Late settlement of invoices may be a nuisance to big business - but to smaller enterprises it can be a crippling or even fatal.
That was the message from a meeting at the European Parliament in Brussels where MEPs were briefed on the problem.
Anthea McIntyre, Conservative employment spokesman in the European Parliament, said: "As someone who has run a small business for twenty five years, I know only too well that larger companies can be blind to the problems of small and micro businesses, who do not have the cash resources to wait for payment or the human resources to chase late payers."
She was speaking after hearing a presentation from the Federation of Small Businesses, which is calling for a culture change across bigger companies to cut out supply-chain bullying and prioritise prompt payment.
The Federation is proposing a range of measures to address the issue, including a requirement for all FTSE 350 companies to sign up to a Prompt Payment Code and greater powers for the Small Business Commission to challenge culprits.

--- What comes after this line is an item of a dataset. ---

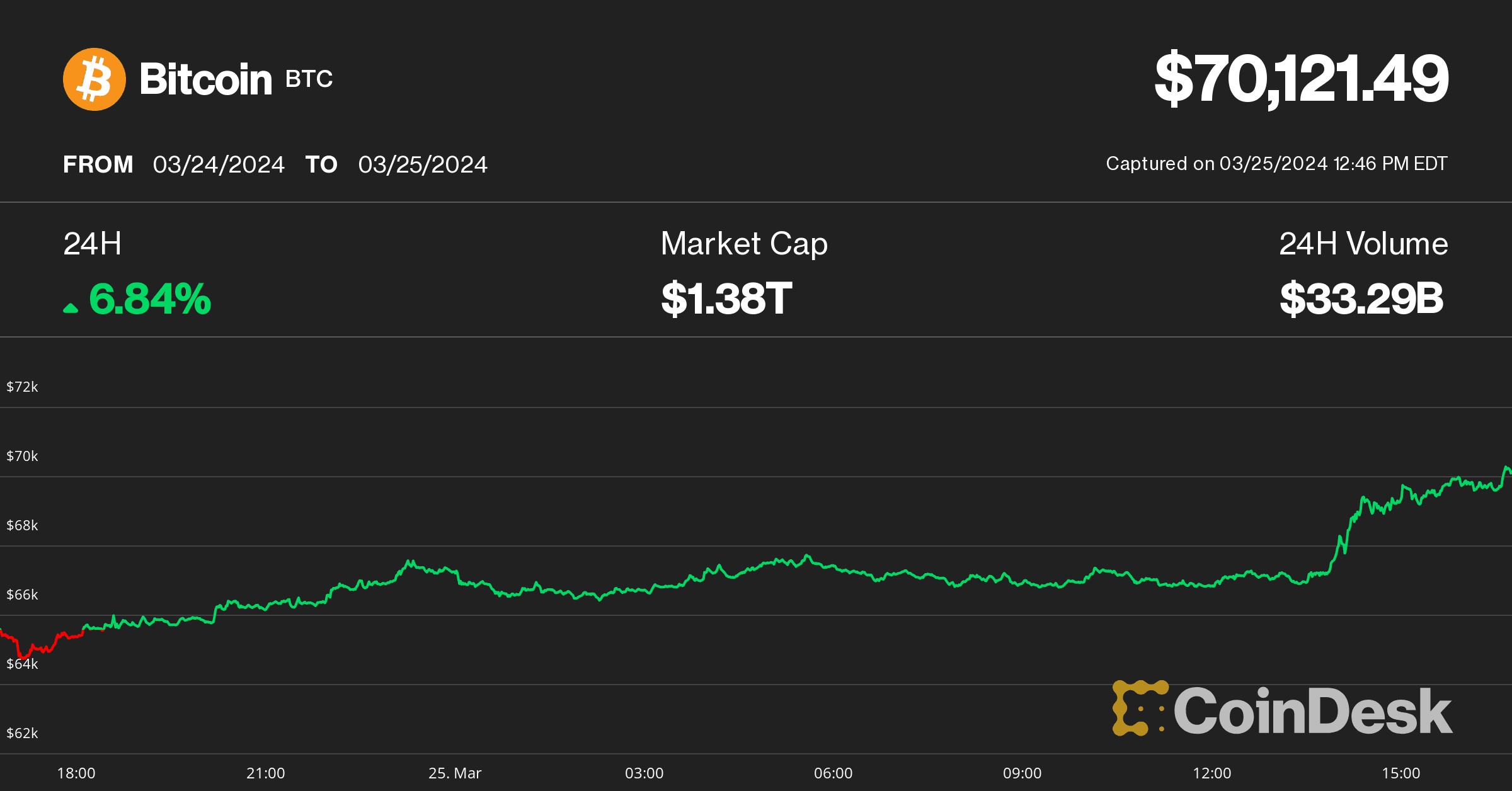 Bitcoin price on March 25 (CoinDesk)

Miss McIntyre, Conservative MEP for the West Midlands, said:
"We have to realise that in many small businesses the managing director is also the accounts manager, HR manager, health and safety officer and credit controller.
"The real working week is spent finding new customers and delivering goods and services. The admin - including checking who has settled their invoice - has to wait until evenings and weekends."
"The impact of late payment can be absolutely crippling - in terms of both money and time wasted in chasing payment. In the worst cases such cash flow problems can spell the end for a small or fledgling company.
"Bigger concerns need to step up and make sure they look after their smaller suppliers instead of driving them to despair by dawdling over payment."